Directions: Reproduce, exactly, the lines of the material below from the line containing "Protesters outside the" through the line containing "Full Coverage Lightly", with both end lines included and nothing else.

Data to examine:

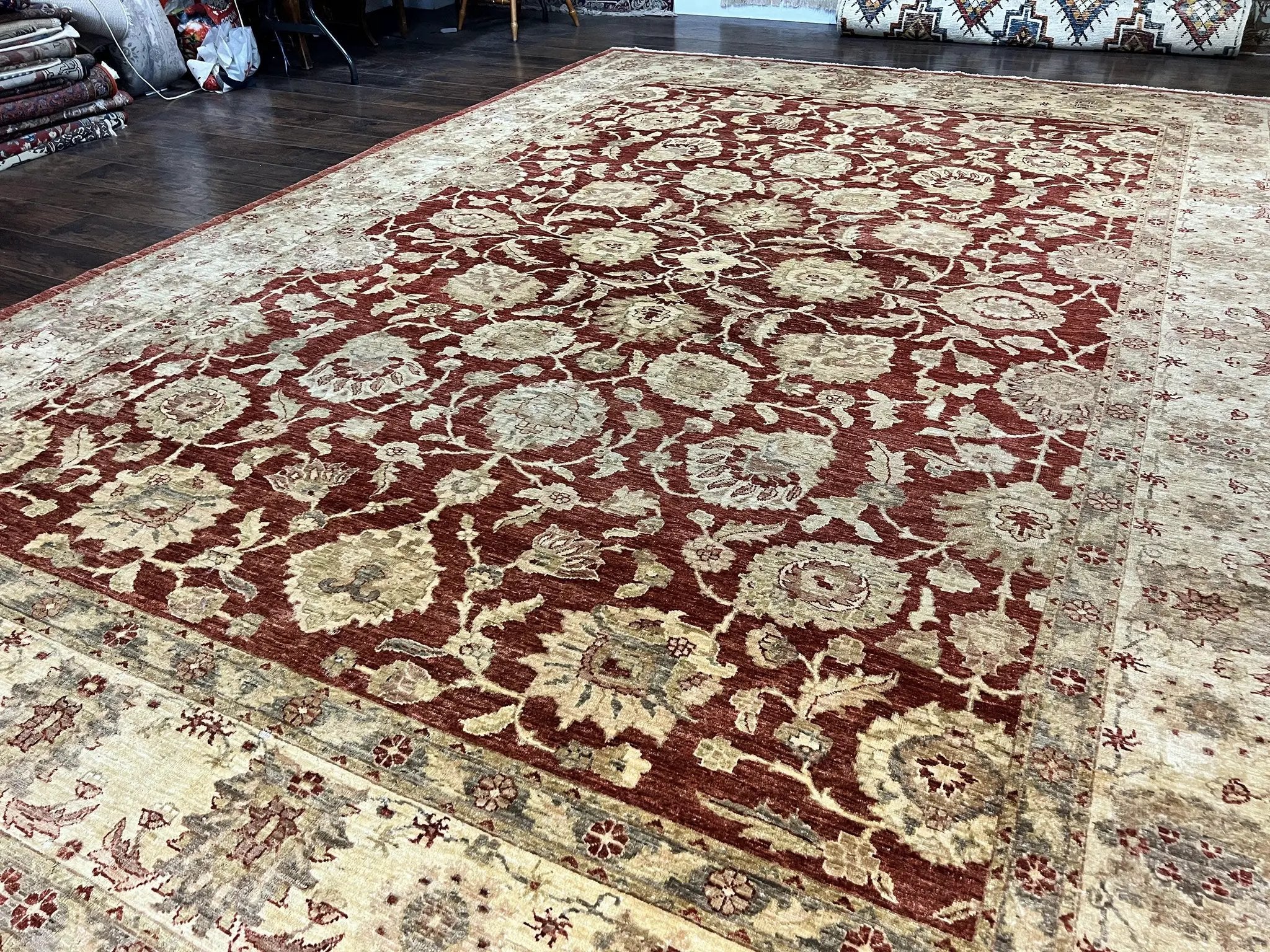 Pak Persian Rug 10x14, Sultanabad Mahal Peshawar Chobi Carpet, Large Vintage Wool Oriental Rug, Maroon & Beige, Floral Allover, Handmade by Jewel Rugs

---

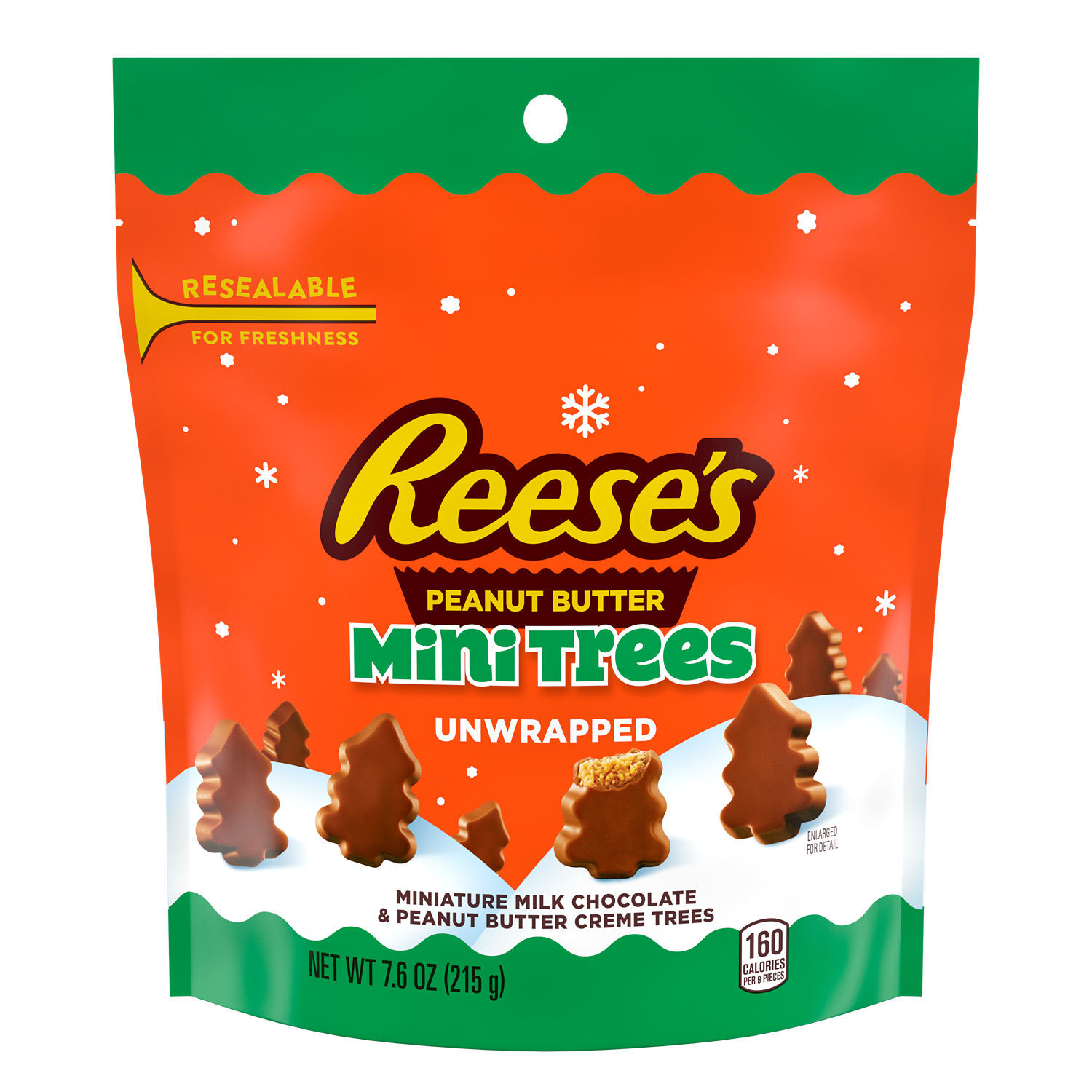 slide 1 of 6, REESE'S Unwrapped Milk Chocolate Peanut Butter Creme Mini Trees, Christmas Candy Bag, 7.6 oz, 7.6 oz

---

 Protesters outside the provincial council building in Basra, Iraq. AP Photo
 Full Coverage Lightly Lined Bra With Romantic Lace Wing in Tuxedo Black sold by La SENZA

Response area:
 Protesters outside the provincial council building in Basra, Iraq. AP Photo
 Full Coverage Lightly Lined Bra With Romantic Lace Wing in Tuxedo Black sold by La SENZA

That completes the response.